Is & at the end of the process_host() function call sufficient? Is my script correct?

#!/bin/bash

HOSTS=(host1 host2 host3)
OUTPUT_FILE=nvidia_smi.txt

rm $OUTPUT_FILE

process_host() {
    host=$1
    echo "Processing" $host
    output=`ssh ${host} nvidia-smi`
    echo ${host} >> $OUTPUT_FILE
    echo "$output" >> $OUTPUT_FILE
}

for host in ${HOSTS[@]}; do
    process_host ${host} &
done;

wait
cat $OUTPUT_FILE

Best Answer

Yes your script is correct, but your output may be garbled or out of sequence.
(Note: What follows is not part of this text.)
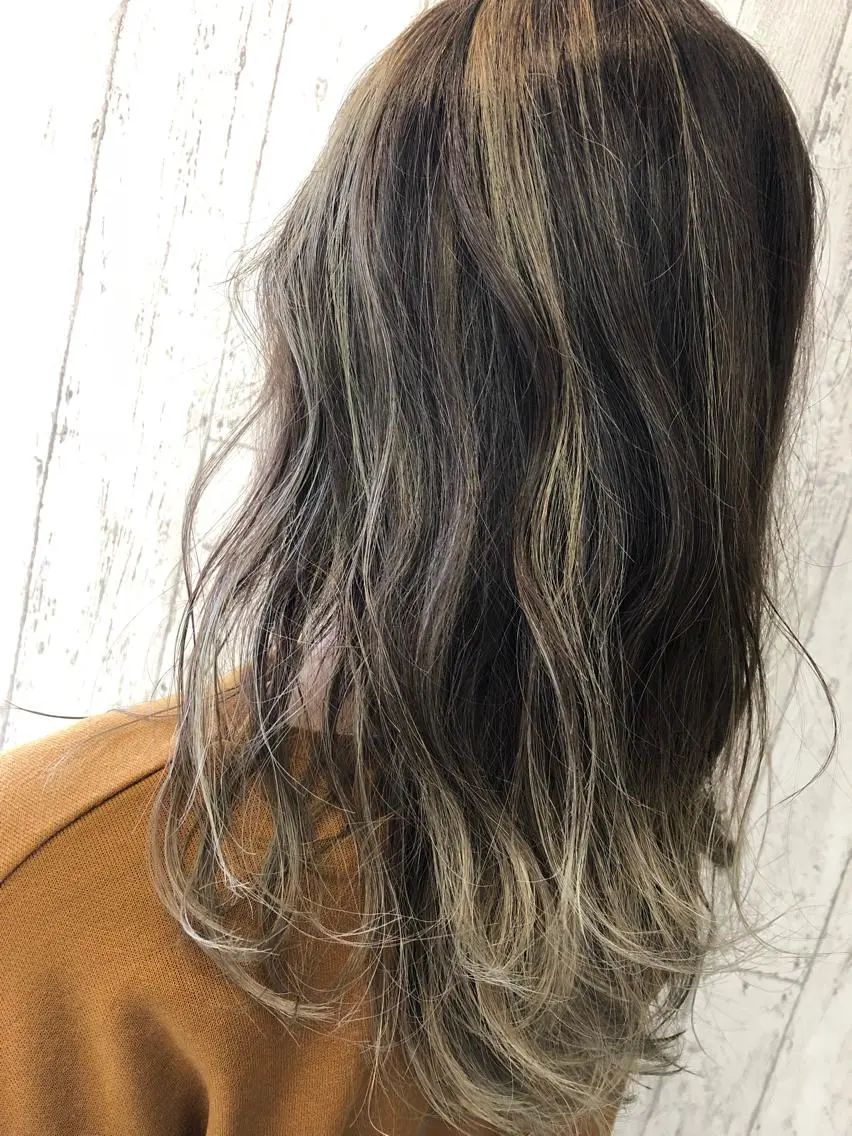 セミロング カラー ベージュカラー ハイライトカラー ミルクティーベージュ ハイライト Kaede .のヘアスタイル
It's better to have the function write its output to a specific file depending on the host name and then let the main script concatenate the result (and clean up).
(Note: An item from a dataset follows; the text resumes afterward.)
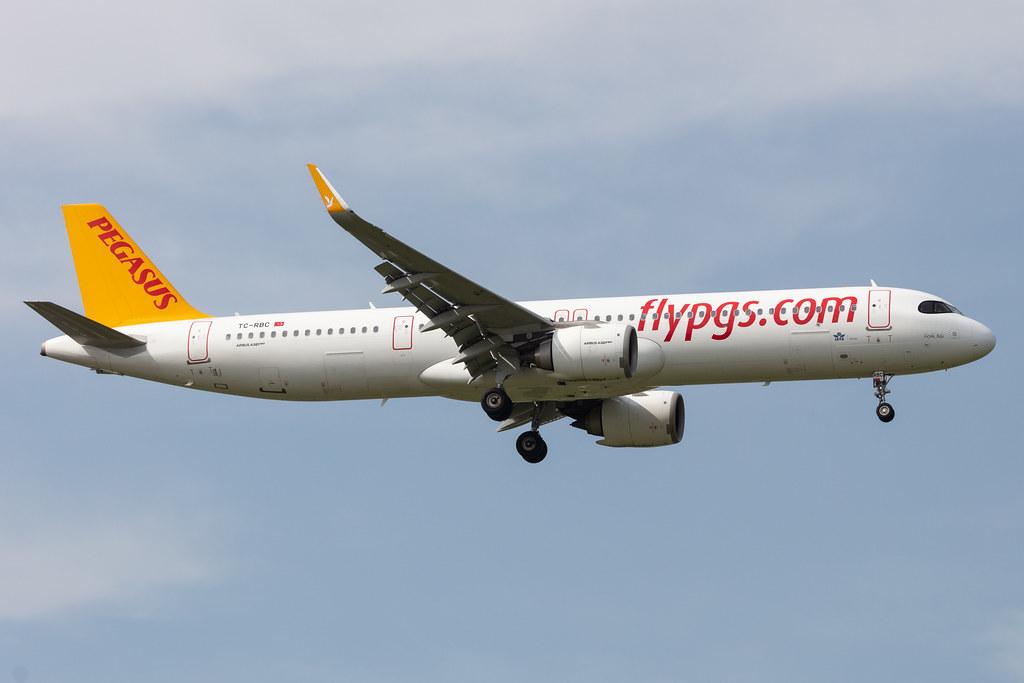 Amsterdam Schiphol: Pegasus (PC / PGT) | Operator: Pegasus Airlines |  Airbus A321-251NX A21N | TC-RBC | MSN 09281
Also, you should double quote your variables. Copy and paste the script into ShellCheck.

Maybe something like this:

#!/bin/bash

hosts=( host1 host2 host3 )
outfile="nvidia_smi.txt"

rm -f "$outfile"

function process_host {
    local host="$1"
    local hostout="$host.out"
    printf "Processing host '%s'\n" "$host"
    echo "$host" >"$hostout"
    ssh "$host" nvidia-smi >>"$hostout"
}

for host in "${hosts[@]}"; do
    process_host "$host" &
done

wait

for host in "${hosts[@]}"; do
    hostout="$host.out"
    cat "$hostout"
    rm -f "$hostout"
done >"$outfile"

cat "$outfile"

The last loop may be replaced by

cat "${hosts[@]/%/.out}" >"$outfile"
rm -f "${hosts[@]/%/.out}"

Having another look in 2021 at my old answer from 2016, I would probably write the code like this today:

#!/bin/sh

set -- host1 host2 host3
outfile=nvidia_smi.txt

for host do
    ssh "$host" nvidia-smi >"$outfile-$host" &
done

echo 'Commands submitted, now waiting...'
wait

for host do
    cat "$outfile-$host"
    rm -f "$outfile-$host"
done >"$outfile"

echo 'Done.'

This is shorter and since we don't really need any named arrays, we can run it all with /bin/sh in place of bash. The list of hosts to connect to is instead kept in the list of positional parameters. I've also removed informational output from within the loops, as well as the shell function (which really did not do very much).

A variant that uses proper temporary files instead of making up filenames that could potentially already be taken:

#!/bin/sh

set -- host1 host2 host3
outfile=nvidia_smi.txt

for host do
    tmpfile=$(mktemp)
    ssh "$host" nvidia-smi >"$tmpfile" &
    set -- "$@" "$tmpfile"
    shift
done

echo 'Commands submitted, now waiting...'
wait

for tmpfile do
    cat "$tmpfile"
    rm -f "$tmpfile"
done >"$outfile"

echo 'Done.'

This replaces the hostnames in the positional parameters by the pathnames of the temporary files that contain the output of that host.